Apple, after almost facing corporate collapse in the late 1980’s and early 1990’s clawed their way back into the home PC market by launching range after range of nicely designed, highly attractive and functional desktop PC’s, lap tops and MP3 players which rode the fine line between high end industrial design and computer hardware.
Microsoft, apart from the X-Box doesn’t actually make hardware – it makes software and faces all the problems of companies that sell services – that it’s hard to get passionate about something as benign as a word processing problem, it’s hard to get emotional about an operating system and what type of spread-sheeting or email system you use, when it doesn’t actually define you.
Using an Apple on the other hand does and Apple has exploited this to this hilt – releasing a series of ads which encourage people to believe that using an Apple is a part of who they are.

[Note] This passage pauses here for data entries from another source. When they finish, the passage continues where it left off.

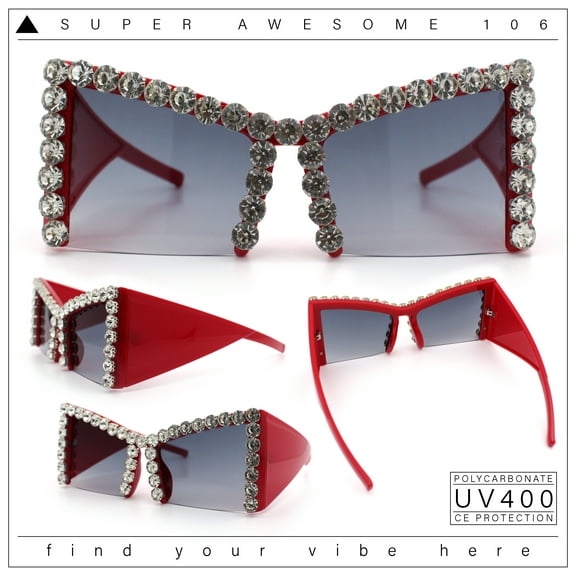 Womens Large Rhinestone Bold Angular Squared Rectangle Plastic Sunglasses Red - Smoke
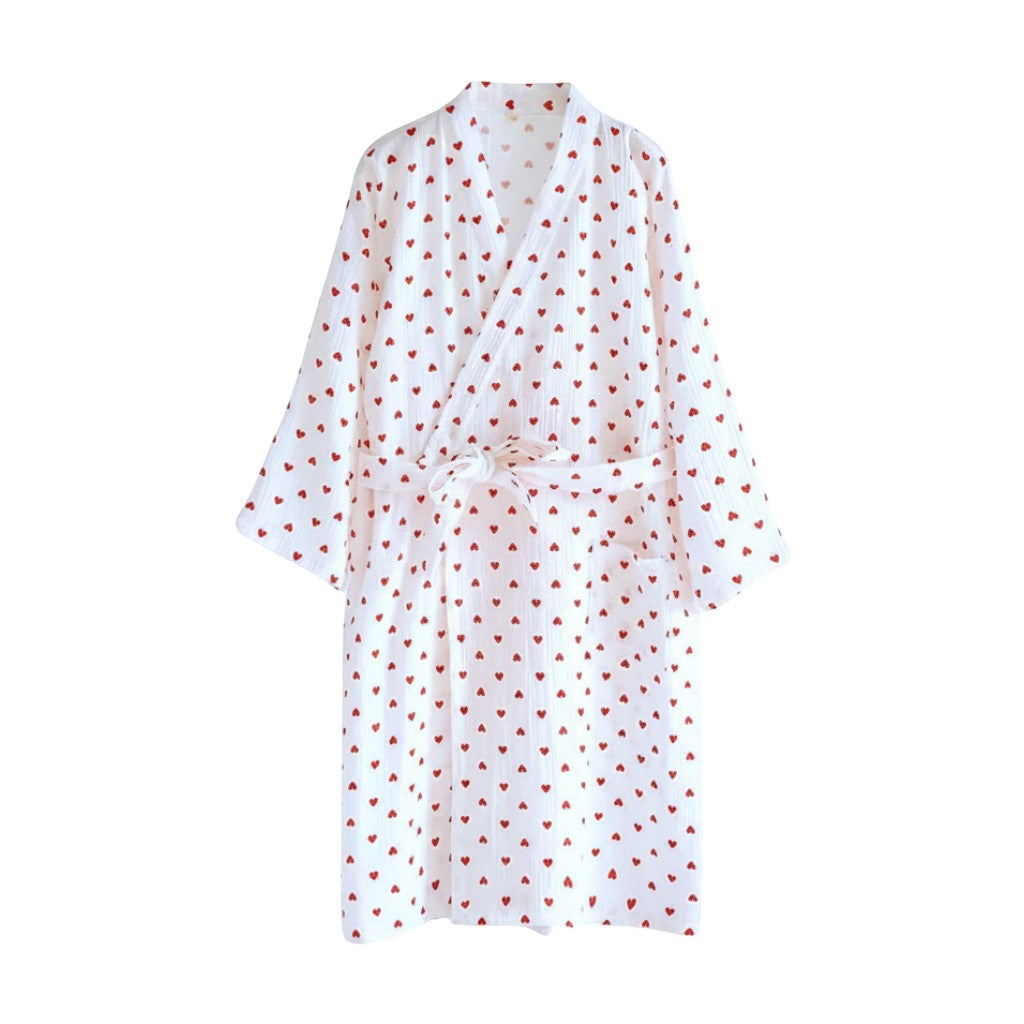 Le Monde du Peignoir white cotton kimono with red heart pattern, tie waist, 3/4 sleeves, and pockets.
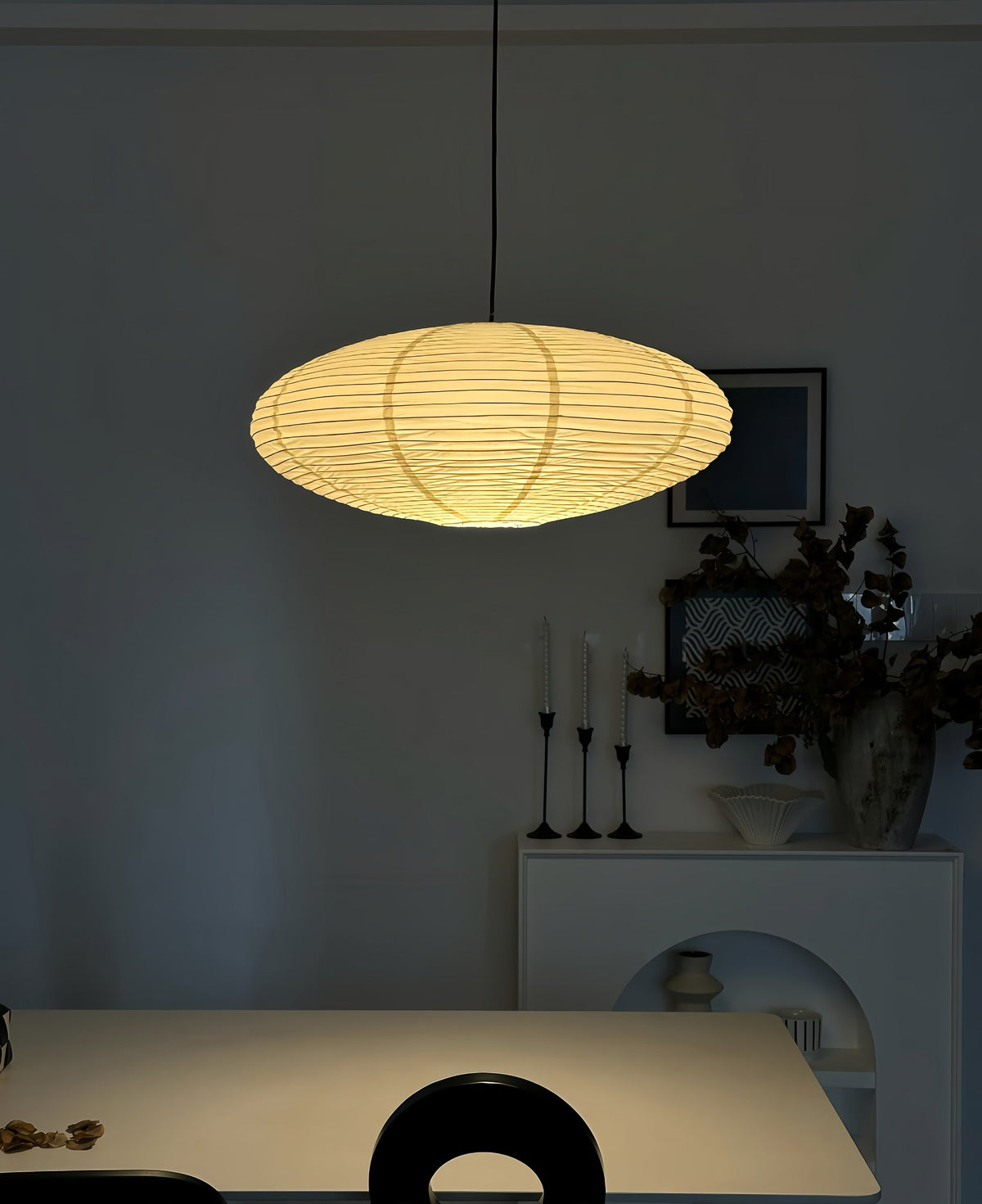Handcrafted Paper Shade Ceiling Light with Adjustable Cord White Hanging Fixture for Bedroom Living Room Kitchen Dining Modern Indoor Lamp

Apple also focused on user simplicity, functional interfaces and owning the words cool, reliable and useful in the consumers mind.
This week Microsoft responded, finally tired of being defined as what they feel they are not, they released an ad featuring two great brands - Bill Gates and Jerry Seinfeld and it’s a stinker.
The ad is slow, long and completely pointless.
Microsoft premièred the ad during last Thursday night’s broadcast of the National Football League’s season kickoff game, one of the most watched slots in American TV.
The ad, which is clearly designed to be quirky doesn’t have a direct mention of Microsoft, or Vista or anything until the near the end, instead it focusses on a dialogue about shoes, the final credits simply finish with the Microsoft logo and the strapline “The future, delicious”.
The ad was created by Crispin Porter & Bogusky – a company with apparently deserved of its reputation for oddness.